I can’t comment on the specifics of your grandfather except to say that quite often family histories are “sanitized” for the protection of later generations. I assume there are no qualified white collar American citizens to do the jobs your relatives work with? 

I understand what illegal labor can do to wages. You’ll note that wages, along with working conditions and safety, were mentioned by me as reasons for a more rational plan. 

And if you want to exchange anecdotes I know dairy farms that pay their illegals the same as they pay their other workers, which is almost twice the state mandated minimum wage. They value those employees and would much rather have them on the books as legal employees than worry about the legal ramifications or losing them to deportation. Explain how it’s rational that a computer coder can get a work visa but a cowherd can’t? When dairy farms have to compete with the local factories paying $15-$20/hr and are having trouble filling those positions it’s hard to think what they might have to pay and still be profitable enough to appease the likes of those who were complaining in a thread not long ago about $3/gallon milk. We have historically low unemployment today and to think that removing 5-6M people from that workforce tomorrow won’t cause disruption and further shortages that affect the overall economy makes no sense to me.

A rational guest worker system that allows employers to recruit and coordinate the travel of foreign workers mitigates much of the need for border security to track and arrest those coming for economic reasons and concentrate those efforts to find and detain those crossing for more nefarious reasons. A win-win.


----------



## haypoint (Oct 4, 2006)

no really said:


> I read it several times and can't come up how an accusation of racism could be applied.


If you have nothing to add to your position, accusing your opposition of racism is a powerful last chance tactic, hence, "playing the race card".


----------



## no really (Aug 7, 2013)

haypoint said:


> If you have nothing to add to your position, accusing your opposition of racism is a powerful last chance tactic, hence, "playing the race card".


I accused no one of racism, quite the opposite. Reading comprehension is important.


----------



## mmoetc (Oct 9, 2012)

no really said:


> I accused no one of racism, quite the opposite. Reading comprehension is important.


Nah, he can tell just by looking at you.


----------



## no really (Aug 7, 2013)

mmoetc said:


> Nah, he can tell just by looking at you.


LOL!!! It's that tattoo on my forehead, gives it away every time.


----------



## Irish Pixie (May 14, 2002)

no really said:


> I accused no one of racism, quite the opposite. Reading comprehension is important.


I suggest not opening any private messages from that poster...


----------



## farmrbrown (Jun 25, 2012)

no really said:


> I accused no one of racism, quite the opposite. Reading comprehension is important.
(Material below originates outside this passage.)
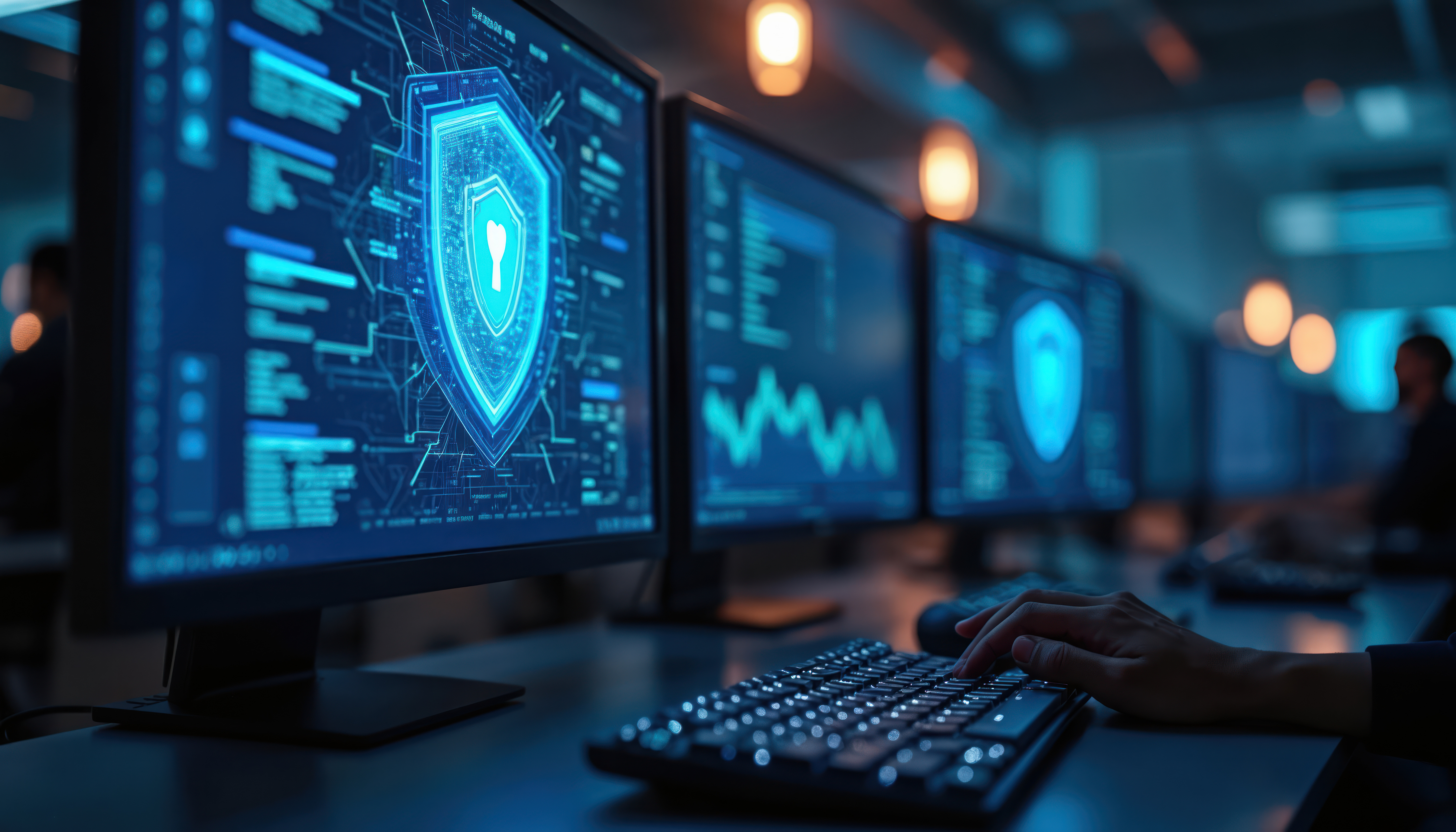 Managed Detection & Response (MDR)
I don't think he _was_ accusing you of saying it. In fact I was going to include your opinion on Trixie's post as one that had more authority than the rest of us. 
But I didn't want to drag you into the mud pile.


----------



## no really (Aug 7, 2013)

farmrbrown said:


> I don't think he _was_ accusing you of saying it. In fact I was going to include your opinion on Trixie's post as one that had more authority than the rest of us.
> But I didn't want to drag you into the mud pile.


Thanks for not pulling me in, as to whether there was an accusation directed at me, I would like to know what was meant.


----------



## oneraddad (Jul 20, 2010)

mmoetc said:


> Nah, he can tell just by looking at you.



Yep, he sees a women, the weaker sex, someone to prey on. Trapping predators this winter has helped me recognize some of their characteristics


----------



## mmoetc (Oct 9, 2012)

farmrbrown said:


> Yeah, I got that when you said it, I'm just not aware of where you saw it, so I asked.
> It's ok and I can take your word for it, but frankly that particular post made a point of emphasizing exactly the opposite of that stance - twice. (*All* immigrants and travelers from "all over the world")
> So I guess based upon someone's history, even if they make a point of NOT repeating a previous bias, they must be judged the same way forever.
> That explains why I saw something that others didn't and vice versa.
> ...


And you have every right to base your opinion on whatever limited information you choose. I see it as someone who walked into the middle of a family squabble and immediately chose sides based on the last thing said without knowing the entire history of the familial dispute. And, base on your past history, I don’t expect you to budge an inch off that stance.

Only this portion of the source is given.